Héctor movió la cabeza afirmativamente; mas era
consciente que debía ablandar sus oídos ya que los tenía medio duros.
-¿Por qué estas rastreándome de nuevo?
-Para que me ayudes casándote conmigo –dijo con
firmeza.
-¡¿Qué?! Si no lo recuerdas ese fue el tema por el que
rompimos, te marchaste y luego me enteré que conociste a la japonesa…
igualmente soy muy joven para esas cosas. Tengo diecinueve años. Eso sí
entiendes, ¿no?
-Yo tengo veinte y no me importa… mira, a mi madre le
hablé lo bien de ti…. mm… ella está de acuerdo en que me case contigo lo más
pronto posible…
-Pues, a mi madre no. Ella no me ve casada muy joven,
ni yo tampoco.
Con el transcurrir de los minutos, los comensales
crecían. Temía que un tropel de gente llegase de forma imprevisible y nos
impidiesen ver y escuchar lo poco que podíamos.

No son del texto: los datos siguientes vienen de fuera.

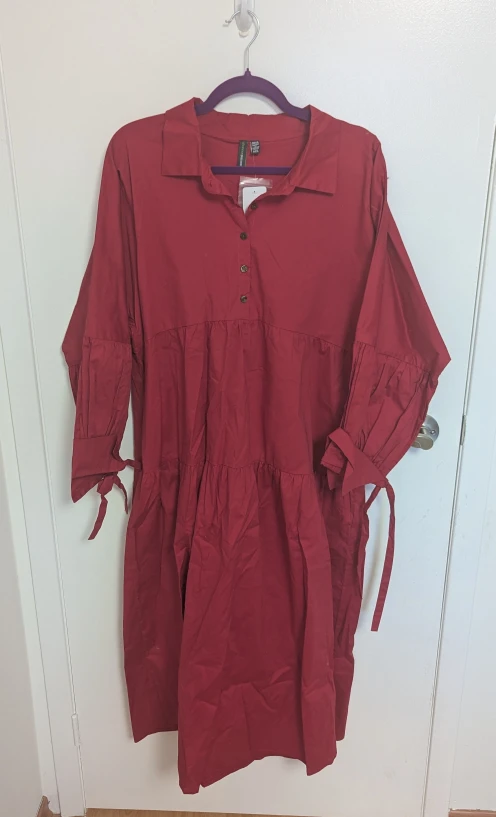Brand New Shannon Passero Aspen Ruby Dress - Medium/Large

-¿Te has fijado que apenas han tocado sus burritos,
José? –preguntó Brooke.
“O era que la conversación estaba entretenida, o era
que los burritos dejaron de ser como antes con ese toquecito norteño que los
caracterizaba”, pensé. Sin embargo, me inclinaba más por la primera presunción
ya que los gestos de la pareja eran abiertos: Héctor apretaba sus manos
regularmente; en tanto ella apoyaba sus codos sobre la mesa, entrelazaba los
dedos y mordía sus nudillos.
-¿Qué es lo que me acabas de anotar en esta
servilleta? No logro entender del todo… –dijo Cindy.- Inténtalo en inglés.

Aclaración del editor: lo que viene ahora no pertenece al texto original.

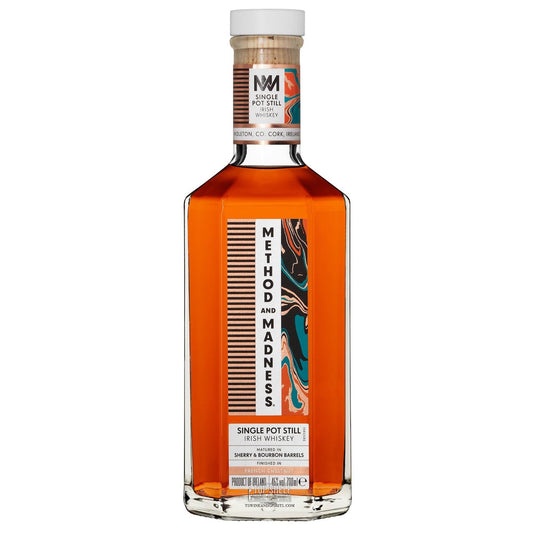 Method and Madness Single Pot Still Irish Whisky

Héctor respiró profundamente, como tratando de
calmarse.
-Te lo resumo: me queda sólo una semana.
-¿Una semana? ¿A qué te refieres?…
-La semana siguiente retorno a Perú… se acaba mi
estadía en Nueva Zelanda. Yo quiero quedarme sí o sí, por eso necesito… –se
detuvo Héctor, perplejo.
No pudo terminar su frase. A lo lejos había divisado a
su ex jefe en su reconocible vehículo: una furgoneta anaranjada que era
utilizada como medio publicitario para su empresa. El se levantó de la silla
raudamente por lo que Cindy vaciló si seguirle, alarmada por su actitud. Sin
mirar al resto de los comensales, solamente a ella, se despidió no sin antes
subrayarle que acepte la invitación de amistad en la red social para mantenerse
comunicados. Héctor salió del lugar. Solo e indefenso aceleraba la marcha,
expuesto a los múltiples improperios que se percibían en la vía por parte de su
ex jefe una vez que bajó de su vehículo: “¡¿tú, aquí otra vez, muchacho?!...

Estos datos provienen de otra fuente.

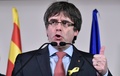 ベルギー・ブリュッセルで、スペイン北東部カタルーニャ自治州議会選の開票結果を受けて記者会見する独立派のカルレス・プチデモン前自治州首相（2017年12月21日撮影）。(c)AFP PHOTO / JOHN THYS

¡te he dicho ciento de veces que no vuelvas hasta que pidas disculpas por
extraer comida sin mi permiso y alterar el inventario!… ¡y aunque intentes
buscar trabajo nadie te dará esa oportunidad por tus referencias!”. El joven
trujillano cruzó presuroso la pista perdiéndose con facilidad entre los
abstraídos peatones.
Hacía una semana que había pasado el bochornoso
incidente en “Florida Burritos”. El sol de primavera filtraba por las puertas
correderas de cristal del balcón y llegaba hasta los rincones de la sala:
¿señal de un nuevo comenzar en nuestras jóvenes vidas?; no obstante, todo lucía
igual en el apartamento. Luego de salir de la ducha, se desprendía el barullo
provocado por una quejosa Cindy, acompañada de Lucas en mi habitación. En
tanto, un llamado a su descubierto laptop sobre la mesa del comedor, me empujó
a husmear entre sus cosas, esencialmente, si había aceptado a Héctor. Se
encontraba sentado sobre la arena, vestido con ropa de verano, abrazado a sus
rodillas, perdiendo su mirada junto con los recientes recuerdos y esa plegaria
suya de aquella noche que eran arrastrados por las olas del mar de Huanchaco.